It has all become very meta. The new episode is essentially a documentary about the making of the original documentary, with various talking heads recounting how personal archives were fashioned into a coherent story that could encompass multiple perspectives. "We realised it's impossible to get the definitive story 'cos people remember it from different points of view," notes McCartney, a reference in part to a time when, he notes, "we were at war with each other".

It is heart-warming to see the older Beatles so at ease, laughing and joking and playing music together with obvious affection. The trio sit around in Harrison's garden, McCartney's studio or the mixing desk at Abbey Road, listening to out-takes and playing old rock and roll songs on acoustic guitars and ukuleles. Starr responds wondrously to the combination of McCartney and Harrison's harmonies that "it sounds just like the Beatles!"
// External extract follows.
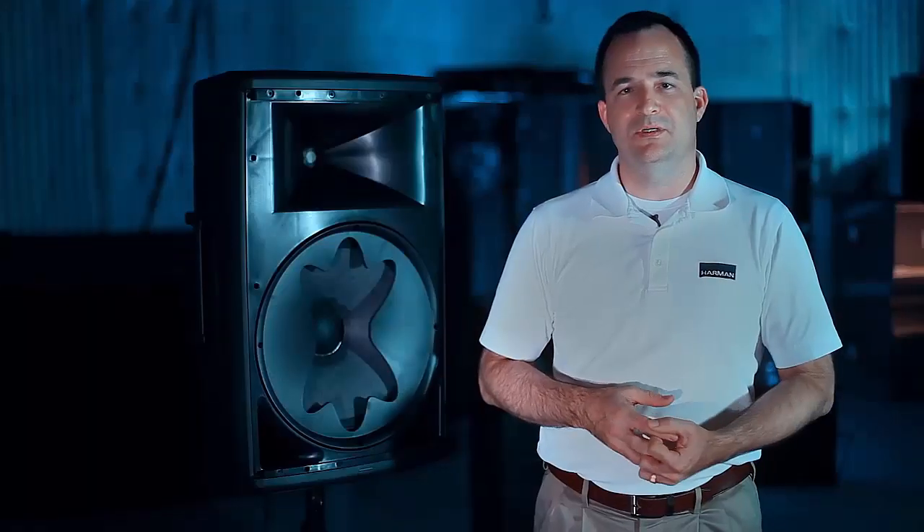Working on the EON615 project was a lot of fun, and being able to make the product sound as good as we possibly could make it sound was a challenge — and it was pretty rewarding in the end.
"I think it's been nice for us and the public to forget about the Beatles for a while, let the dust settle," opines Harrison. I think it has been largely forgotten how far from the centre of pop culture the Beatles had drifted before being restored by the nostalgia of the Nineties Britpop generation. Anthology had an incredible impact when it was first shown, because there had been such a dearth of anything new by the Beatles for decades, with devoted fans hungering to hear elusive outtakes and long rumoured lost tracks, or to see old footage restored and edited with real panache. It presaged a major revival - and the beginning of a quite ruthless exploitation of the Beatles legacy.

As a consequence, I am not sure there is anything genuinely new to see here. As I pointed out in my review of the accompanying "new" Volume 4 of musical out-takes for the Anthology Collection, the source material has been squeezed very dry indeed. The Beatles' output now is about endlessly remixing and remastering previously remixed and remastered rejects. Even the new episode nine has essentially been assembled from DVD extras released in 2003.
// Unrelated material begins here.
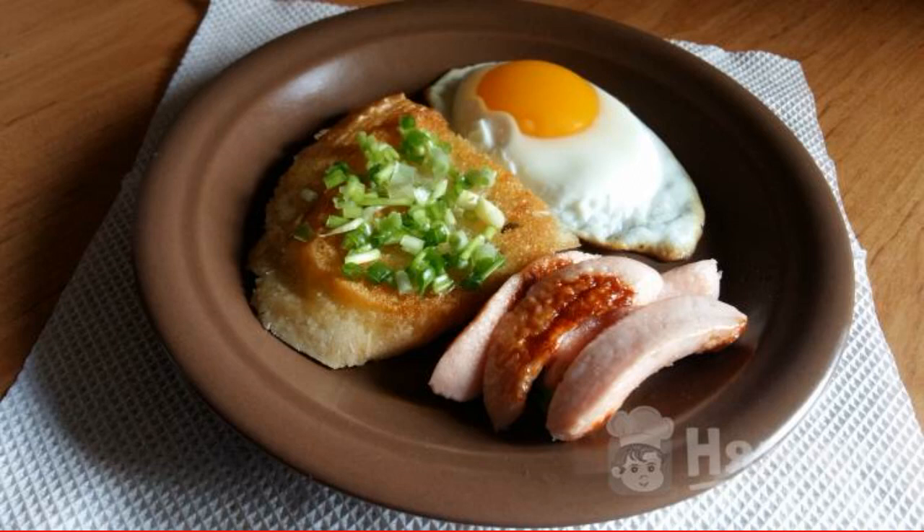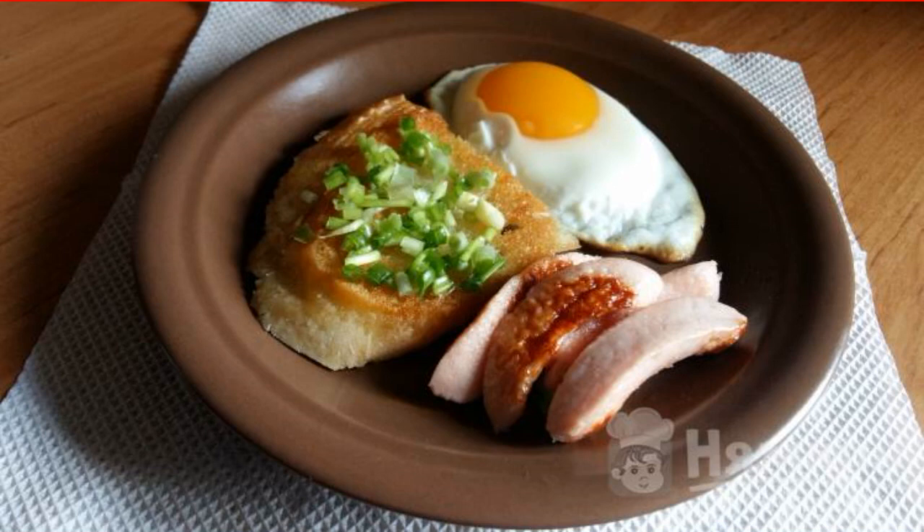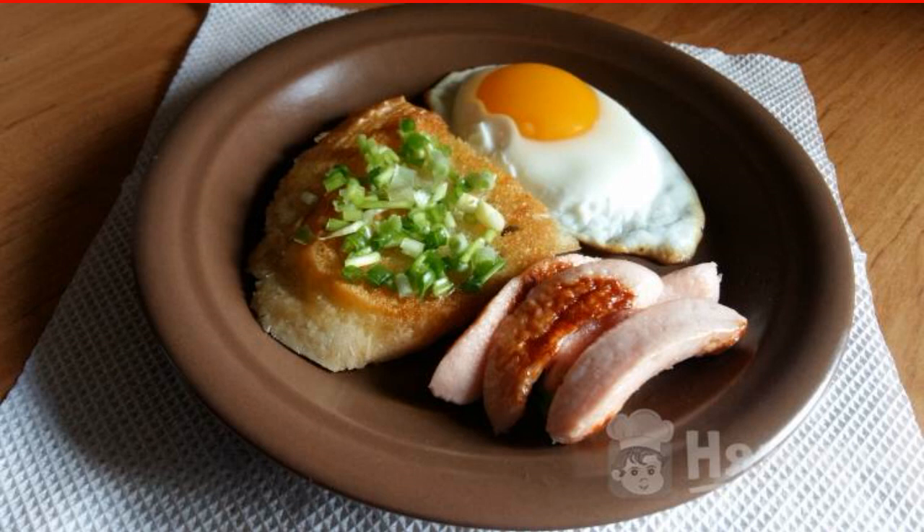When the usual scrambled eggs are already tired, you can try to cook fried eggs with toast and sausages. A simple and beautiful dish that is suitable for a full breakfast and is prepared in a hurry.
Nevertheless, the edit is artful enough to carry real emotional weight, with judicious archival shots of Lennon offsetting his absence from the reunion. Perhaps inevitably, episode nine lacks the energy of the rest of the series, when the Beatles were setting an incredible creative pace. The mood is of warm remembrances of wild days of youth, with just occasional flashes of their old mischievousness. Ringo looks briefly startled by George's announcement that "Paul and I are going to do some stadiums next year." "Mud wrestling," says Paul. "I think we can pull it off too." "I'll be the ref," deadpans Ringo, getting in on the joke.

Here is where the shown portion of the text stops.